__Exercise__: Print, exactly as written, the line in the entries below that contains "Untuk tabung, kita" and every line after it up to and including the last. Omit pictures.

[[ Exercise input, beginning ]]

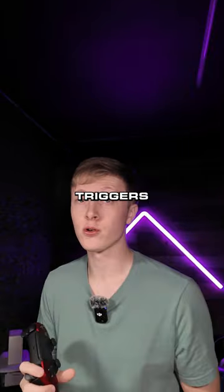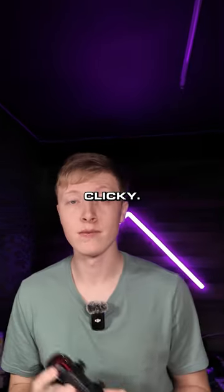We swap out the standard pole triggers for mouse click buttons and they sound like this. I don't know about you, but that's pretty clicky. Sounds just like a mouse.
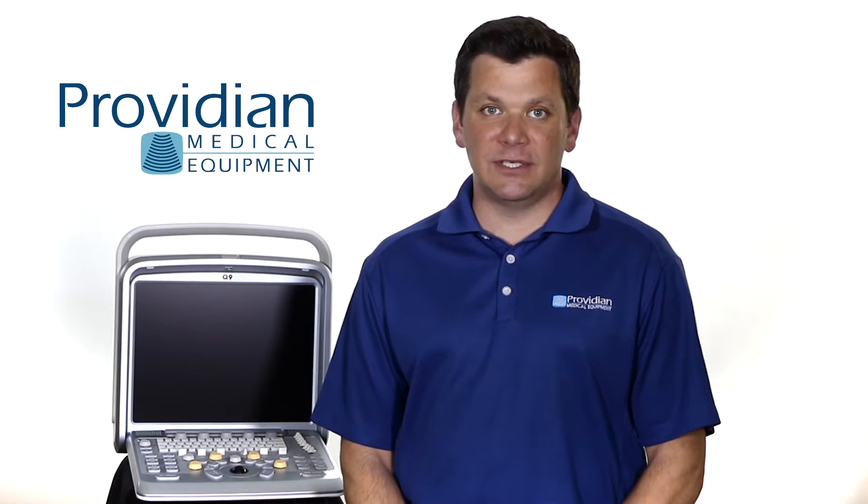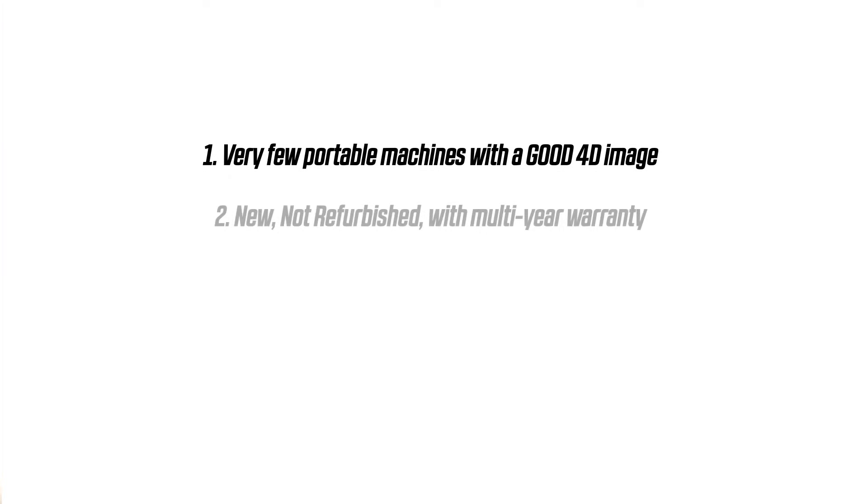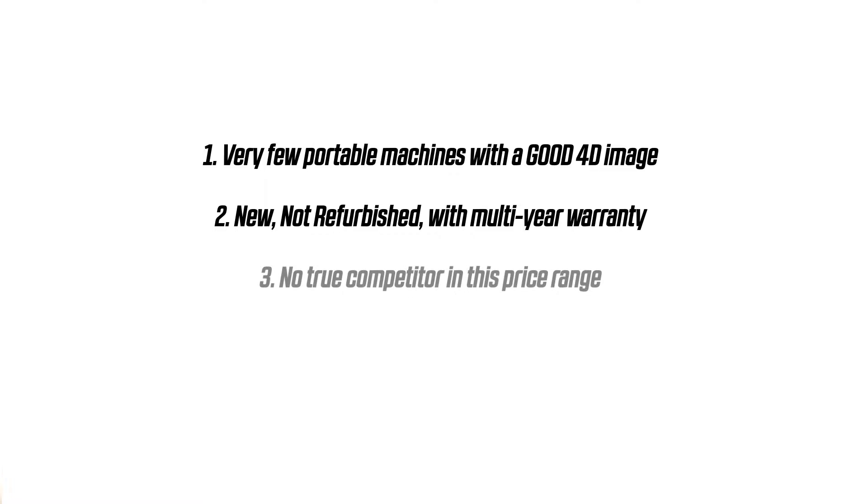I think most will find that it does a really good job and it is the best alternative out there in this price range. The people who purchased this for its 4D capabilities did so for these reasons: one, it's one of a few portable ultrasound machines that can actually provide a good 4D image; second, the Q9 is offered new, not refurbished, and has a multi-year warranty; three, there is nothing in this price range that has quality 4D capabilities.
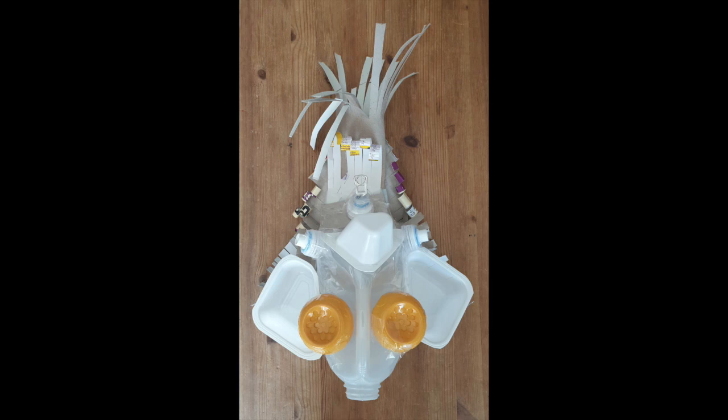Hi everyone. Today I'm going to be showing you how I created my milk bottle mask inspired by Ramad Hazumi, using only recycled materials and just whatever I had lying around.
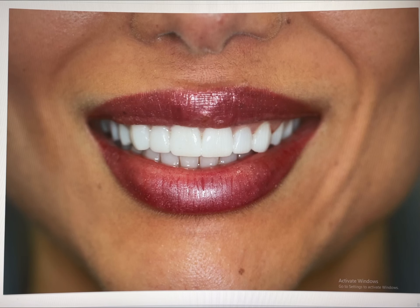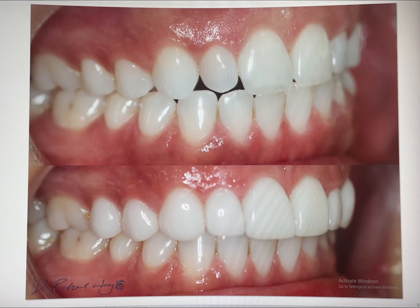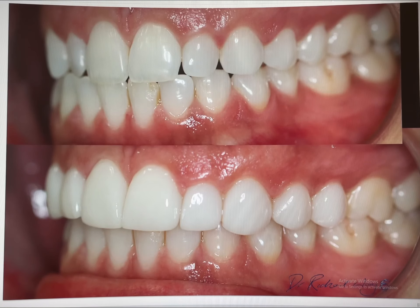So here was the smile design try-in. Our patient was super happy, and so we fabricated the veneers — 10 porcelain glass ceramic veneers in a natural style with a bleach three color and super clean healthy gums. Our patient showing superb oral hygiene.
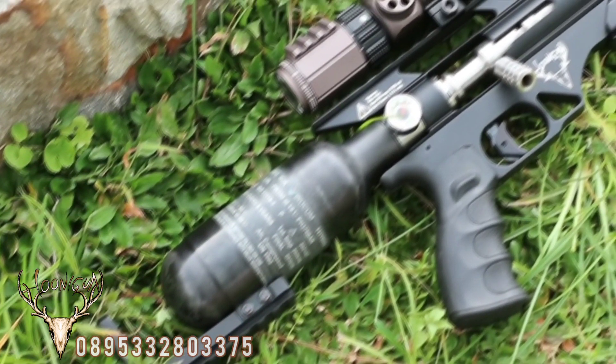Untuk tabung, kita gunakan 300 cc bahan karbon. Ini dibuat di Korea dan biasanya tabung ini digunakan untuk perusahaan FX Airgun, di senapan-senapan FX Impact, Dreamline, dan lain sebagainya. Banyak sekali teman-teman di Indonesia yang sudah mengetahui tabung ini dan kualitasnya yang sangat proper sekali.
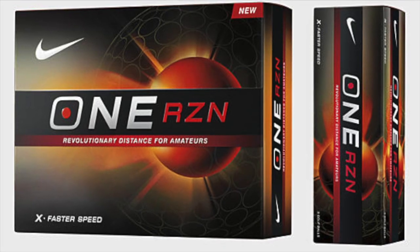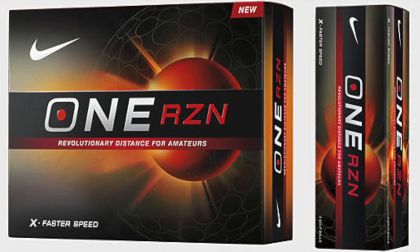Rocky, thank you so much for spending time with us here. The Nike One Resin and One Resin X is going to retail for $29.99. When is that going to be available? February 1st. Look for these to hit shelves on February 1st.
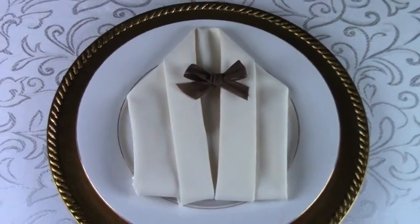This impressive yet simple fold is designed to dazzle event guests as they are seated for dinner. It's notable and exceptionally quick to create.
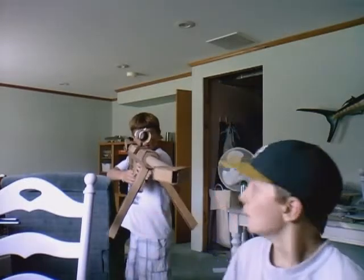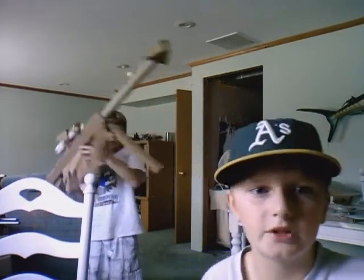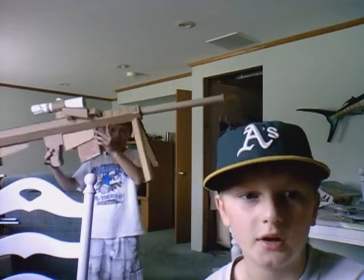Me and my friend Casey, out of cardboard, we built a cardboard Barrett 50 Cal, and it is super amazing. It took us about one and a half days, and we just finished it about ten minutes ago, and we're really excited about it, so we're going to show it to you.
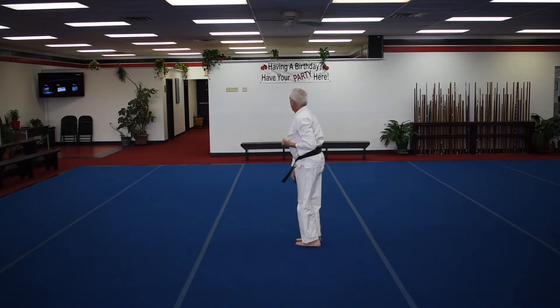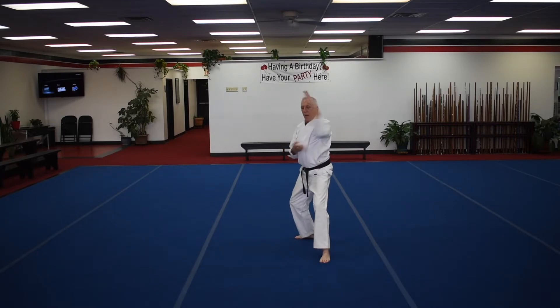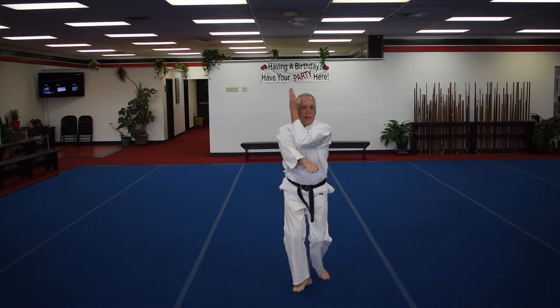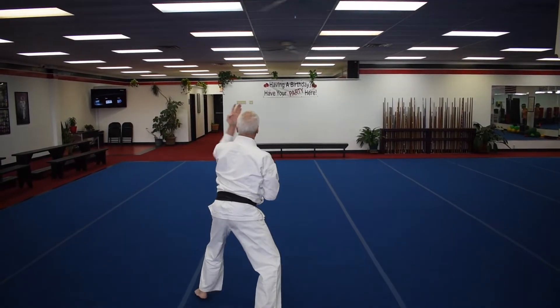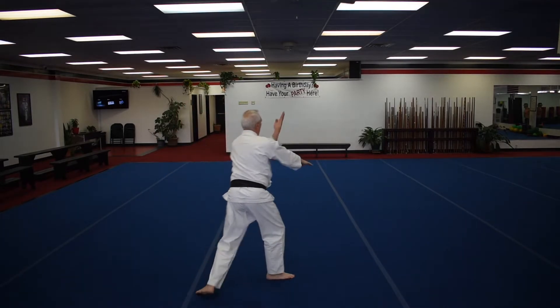Now you're going to turn, do a front kick and a middle block simultaneously, followed by an open hand block, a second, a third, and a Yohon Nukate spearhead. Then four more open hand blocks to the two corners.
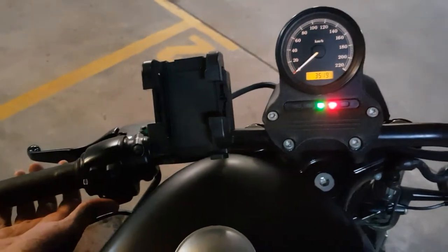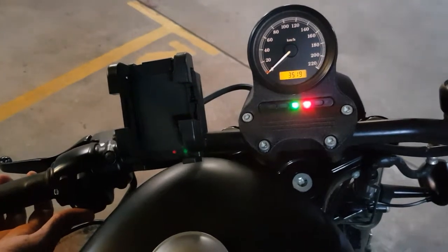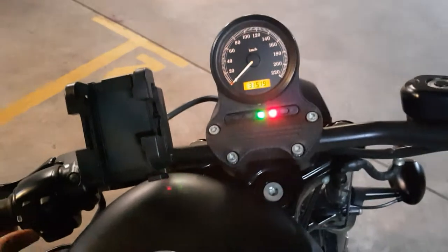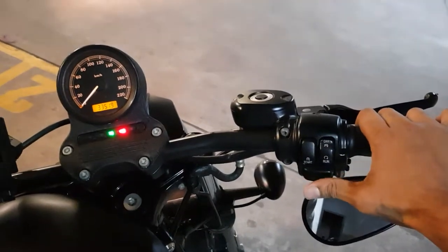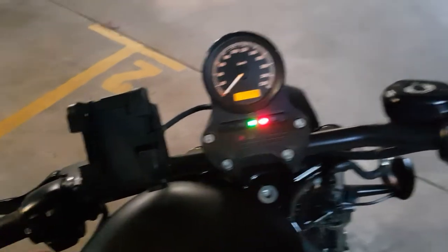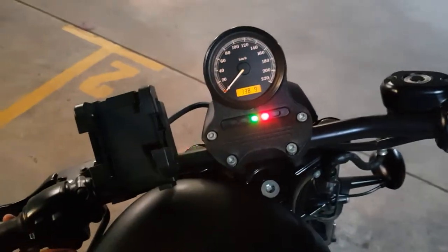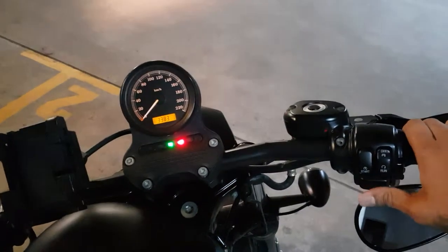I press the left key to set whatever PIN I would like. In this case I just set three, three, three. Then I press right to go to the next digit and set it — three, three, eight. Go to the next digit, three. Go to the next digit.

[[ Exercise input, end ]]

__Answer box__:
Untuk tabung, kita gunakan 300 cc bahan karbon. Ini dibuat di Korea dan biasanya tabung ini digunakan untuk perusahaan FX Airgun, di senapan-senapan FX Impact, Dreamline, dan lain sebagainya. Banyak sekali teman-teman di Indonesia yang sudah mengetahui tabung ini dan kualitasnya yang sangat proper sekali.
Rocky, thank you so much for spending time with us here. The Nike One Resin and One Resin X is going to retail for $29.99. When is that going to be available? February 1st. Look for these to hit shelves on February 1st.
This impressive yet simple fold is designed to dazzle event guests as they are seated for dinner. It's notable and exceptionally quick to create.
Me and my friend Casey, out of cardboard, we built a cardboard Barrett 50 Cal, and it is super amazing. It took us about one and a half days, and we just finished it about ten minutes ago, and we're really excited about it, so we're going to show it to you.
Now you're going to turn, do a front kick and a middle block simultaneously, followed by an open hand block, a second, a third, and a Yohon Nukate spearhead. Then four more open hand blocks to the two corners.
I press the left key to set whatever PIN I would like. In this case I just set three, three, three. Then I press right to go to the next digit and set it — three, three, eight. Go to the next digit, three. Go to the next digit.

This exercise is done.